Artikel 4 Hoogte van de subsidie
De hoogte van de subsidie wordt gebaseerd op een beoordeling van de gegevens, zoals opgenomen in artikel 8.
Voor instellingen op het gebied van cultuur gelden de volgende eisen:
de instelling heeft een structurele, jaarlijkse subsidierelatie met het gemeentebestuur voor het uitvoeren van activiteiten in het beleidsveld cultuur en komt in aanmerking voor rijkssteun uit de Rijkscultuurfondsen, als vitaal onderdeel van de regionale culturele infrastructuur, maar is daarvoor afhankelijk van matching vanuit het gemeentebestuur;
Voor de toepassing van deze subsidieregeling geldt voor de periode van 1 september 2020 tot en met 31 december 2020 een subsidieplafond van in totaal € 5.300.000. Dit bedrag is uitgesplitst naar een deelplafond ter hoogte van € 4.000.000 voor Cultuur, een bedrag van € 1.200.000 voor Sport en een bedrag van € 100.000 voor sociaal ondernemers.
Artikel 11 Verplichtingen subsidieontvanger
De instelling of ondernemer neemt gedurende de periode tot en met 31 december 2020 alle maatregelen en onthoudt zich van handelingen noodzakelijk om de continuïteitspositie niet te verslechteren, waaronder het niet aangaan van financiële verplichtingen die nagekomen moeten worden in de periode tot en met 31 december 2020.
Aldus vastgesteld in de vergadering van 27 oktober 2020.
De secretaris,
V.J.M. Roozen
De burgemeester,
A. Aboutaleb
Dit gemeenteblad is uitgegeven op 28 oktober 2020 en ligt op dins-, woens- en donderdagen van 9.00 tot 13.00 uur ter inzage bij het Bestuurlijk Informatiecentrum Rotterdam (BIR), locatie Wachtruimte Timmerhuis, Halvemaanpassage 1 (trap op, melden bij Informatiebalie)
(Zie ook: www.bis.rotterdam.nl – Regelgeving of Gemeentebladen chronologisch)
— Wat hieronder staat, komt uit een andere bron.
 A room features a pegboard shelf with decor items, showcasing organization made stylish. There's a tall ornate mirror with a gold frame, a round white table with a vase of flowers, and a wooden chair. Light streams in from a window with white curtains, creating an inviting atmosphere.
Toelichting Subsidieregeling Rotterdamse corona noodsteun 2020 deel II
De coronacrisis heeft grote gevolgen voor de sociale, maatschappelijke en culturele infrastructuur in Rotterdam. De beheersmaatregelen (o.a. sluiting instellingen) van de Rijksoverheid hebben ertoe geleid dat de inkomsten van veel instellingen in de stad drastisch zijn teruggelopen. Vanuit het Rijk zijn weliswaar instrumenten ingezet om de impact landelijk te verzachten, Echter, deze landelijke steunmaatregelen dragen tot dusver onvoldoende bij om de Rotterdamse culturele en sportsector in stand te houden. Om sluitingen van sport- en culturele instellingen ten gevolge van de huidige COVID-19-maatregelen te voorkomen heeft het college op 17 juli 2020 de Subsidieregeling Rotterdamse corona noodsteun 2020 vastgesteld. Op basis van deze subsidieregeling konden sport- en culturele instellingen in aanmerking komen voor subsidie voor de periode van 1 juni 2020 tot en met 31 augustus 2020.
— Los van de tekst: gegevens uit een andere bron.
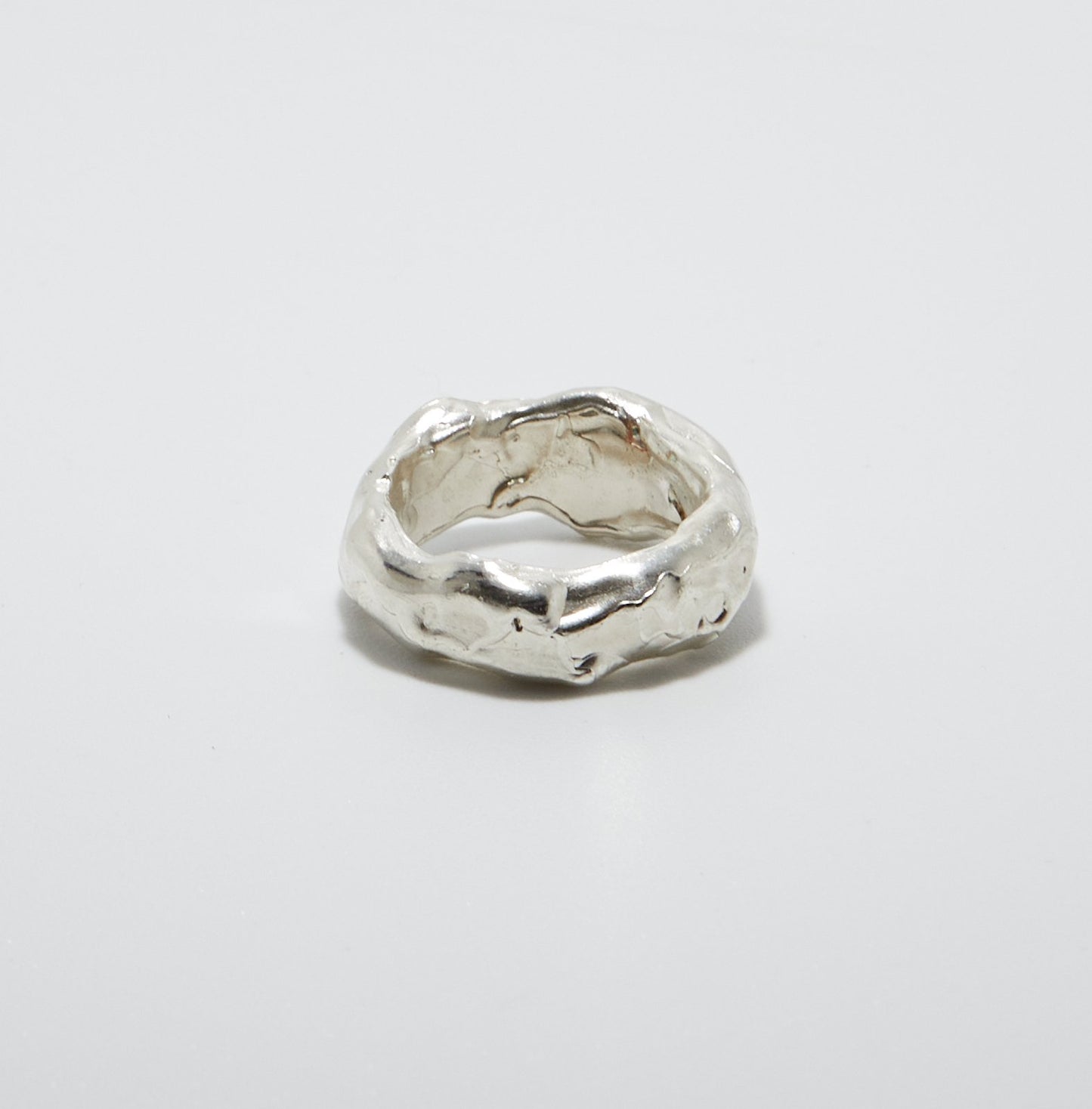 Sterling Silver ring on a light grey background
Subsidieregeling Rotterdamse coronasteun 2020 deel II
Op dit moment verkeert een deel van de sport- en culturele instellingen in Rotterdam als gevolg van de coronacrisis nog steeds in ernstige financiële problemen. Dit geldt ook voor een deel van de Rotterdamse sociaal ondernemers. Om die reden is het gewenst om ook in de periode van
1 september 2020 tot en met 31 december 2020 financiële ondersteuning te kunnen bieden aan sport- en culturele instellingen en sociaal ondernemers op basis van onderhavige subsidieregeling. In deel II is een aantal wijzigingen doorgevoerd in vergelijking met de Subsidieregeling corona noodsteun 2020.
De regeling is bedoeld voor instellingen die een belangrijke plek innemen in de sport- en culturele infrastructuur en voor sociaal ondernemers die niet volledig van subsidie afhankelijk zijn. Voor sportorganisaties betekent dit dat zij activiteiten uitvoeren die passen binnen het gemeentelijk beleid van het taakveld Sport en bijdragen aan het in standhouden van de basisinfrastructuur aan sportvoorzieningen. Het gaat om organisaties die exploitant zijn van sportvoorzieningen (zwembaden, sporthallen, gymzalen of sportvelden) en hiervoor een structurele, jaarlijkse subsidie- of inkooprelatie met de gemeente hebben.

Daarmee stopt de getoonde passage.